1973 British film by 	Peter Sykes

The House in Nightmare Park (U.S. titles: Crazy House and The House of the Laughing Dead) is a 1973 British comedy horror film directed by Peter Sykes and starring Frankie Howerd, Ray Milland and Hugh Burden. It was one of a number of British comedy films which parodied the successful British horror genre, closely associated with the Hammer Horror films. Its plot follows that of a traditional "Old Dark House" story.

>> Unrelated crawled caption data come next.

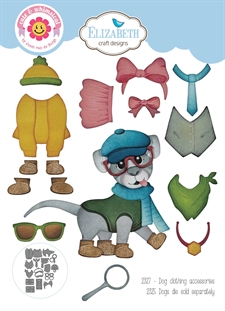 Elizabeth Crafts Die - Dog Days / Dog Clothing Accessories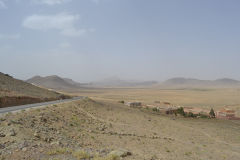 Landscape between Tafraoute and Ouarzazte, Morocco
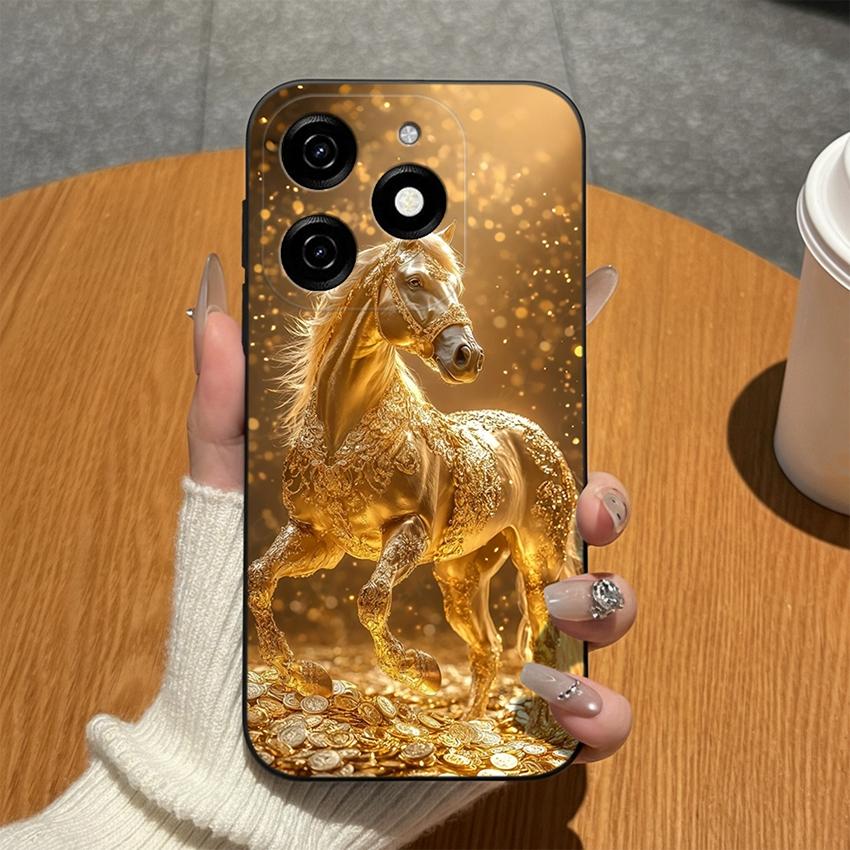 

Для Tecno Spark Go 2024 Spark 9 8 7 Pro 6 5 Air 4 Чехол для телефона Милый Мультяшный Животный Мягкий Матовый Силикон Высокое Качество Ударопрочный Анти-Отпечатки Пальцев Бампер Tecno Spark Go 2024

A struggling actor is hired to perform a dramatic reading at a country house. The people who hired him have ulterior motives.

==Plot==
In 1907 struggling actor Foster Twelvetrees is invited to a large country home by Stewart Henderson to perform a dramatic reading for his family. Outwardly, Stewart is complimentary and enthusiastic, but his more sinister intentions were made clear when earlier he secretly sliced a poster of Twelvetrees. Whilst they chat, Stewart's sister Jessica and their Indian servant Patel begin searching through Twelvetrees' luggage. Twelvetrees nevertheless responds with an unintentional wit and bumbling characteristic throughout the rest of the film.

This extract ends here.